In the material below, find the line with "Thumbnail Flat to" and the line with "407 Marsh St, Harrisburg, IL 62946 - photo 5". Output exactly those two lines and all lines between them, leaving out pictures.
[[ INPUT DATA open ]]
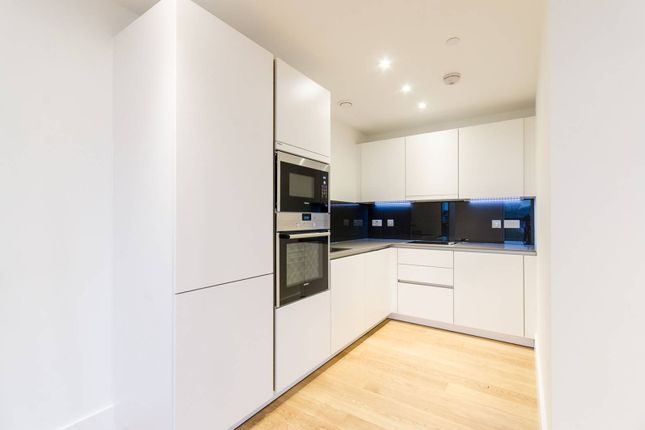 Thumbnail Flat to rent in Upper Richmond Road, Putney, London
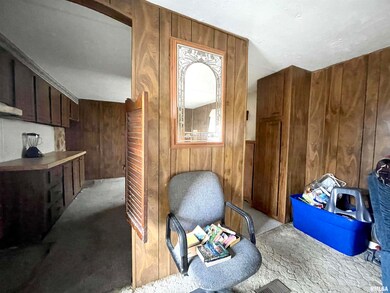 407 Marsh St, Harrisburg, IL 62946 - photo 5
[[ INPUT DATA closed ]]
[[ INPUT DATA open ]]
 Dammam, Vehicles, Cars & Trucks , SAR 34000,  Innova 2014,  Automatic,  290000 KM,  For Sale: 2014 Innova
[[ INPUT DATA closed ]]
[[ INPUT DATA open ]]
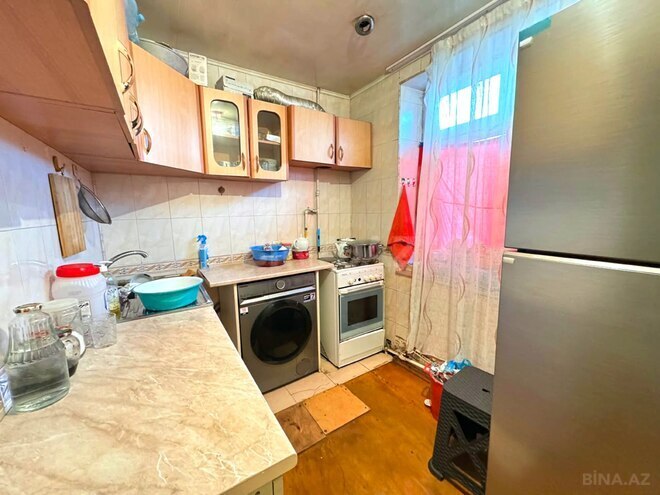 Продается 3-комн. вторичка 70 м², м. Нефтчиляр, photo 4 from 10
[[ INPUT DATA closed ]]
RESPONSE BELOW →
 Thumbnail Flat to rent in Upper Richmond Road, Putney, London
 407 Marsh St, Harrisburg, IL 62946 - photo 5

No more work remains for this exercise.